* _Exercise instructions_
Return each line of the listing below, unchanged, and omit the images.

* _Dataset extract_

---------------

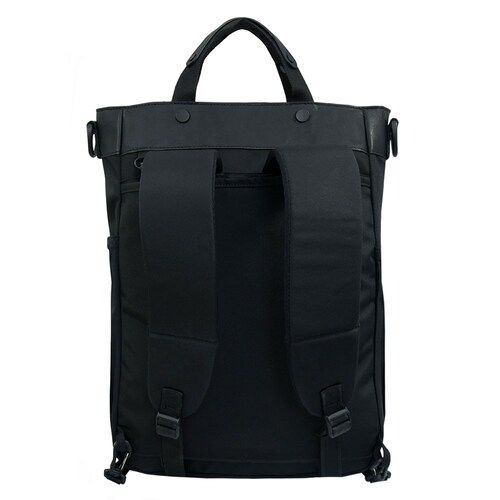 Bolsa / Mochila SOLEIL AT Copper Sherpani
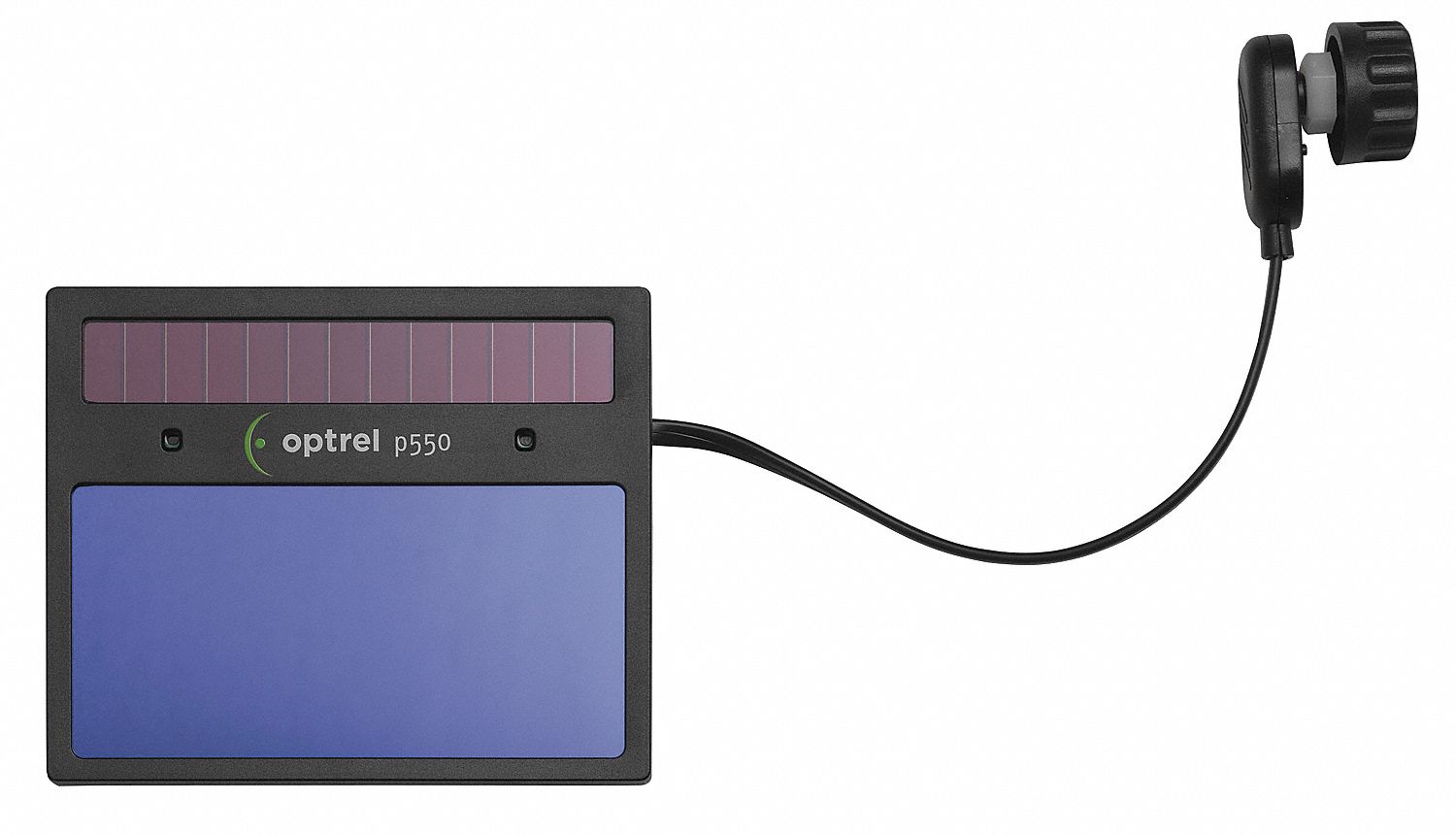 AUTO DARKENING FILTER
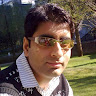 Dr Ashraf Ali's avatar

---------------

* _Solution to the problem_
 Bolsa / Mochila SOLEIL AT Copper Sherpani
 AUTO DARKENING FILTER
 Dr Ashraf Ali's avatar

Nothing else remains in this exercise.